I must still be missing something on the definitions of Event, etc. Where are the definitions you quote below?
They are modifications of the most recently published definitions as an attempt to address the issues you raised. I wanted to see if the new ones were adequate.
http://rs.tdwg.org/dwc/terms/type-vocabulary/index.htm has definitions like the rather circular "A resource describing an occurrence" and the cryptic "A non-persistent, time-based occurrence" - which raises a whole new problem because (at least as I understand it) "occurrence" in this definition means something more general than "occurrence" as used for the Occurrence resource type.

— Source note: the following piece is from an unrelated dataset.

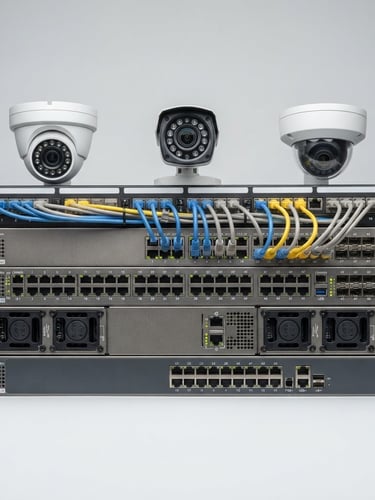 Straight-on studio shot of professional enterprise networking switches and security cameras on a seamless light gray background, high-key lighting, crisp technical details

The definition "A resource describing an occurrence" is a direct copy of the definition of dcterms:Event (Dublin Core). Originally I did nothing to change definitions of terms adopted from Dublin Core, but as discussion has progressed, and precisely because Dublin Core is purposely vague, I decided it would be useful to add "For Darwin Core, ..." to the definitions to describe how they are intended to be used in biodiversity contexts. Though the new definitions are more explicit, I don't believe they warrant new term refined from the original Dublin Core terms. So again, the proposed definitions are:
dcterms: Event - "A non-persistent, time-based occurrence. For Darwin Core, a resource describing an instance of the Location class."
Event (class) - "The category of information pertaining to an event (an action that occurs at a place and during a period of time)."
dwctypes:Occurrence - "A resource describing an instance of the Occurrence class."
Occurrence (class) - "The category of information pertaining to evidence of an occurrence in nature, in a collection, or in a dataset (specimen, observation, etc.)."
As for the question whether examples or lengthier definitions would be good, I tend to think that in Dublin Core world, examples would only be a sample of possible uses within the range intended by a definition and that they may therefore help to steer people towards appropriate use but cannot introduce any constraints which could help us to tighten up cross-resource data integration.
Exactly, and that's what I was trying to do with Darwin Core terms - to constrain their semantics only as far as possible given the range of uses to which they may be put.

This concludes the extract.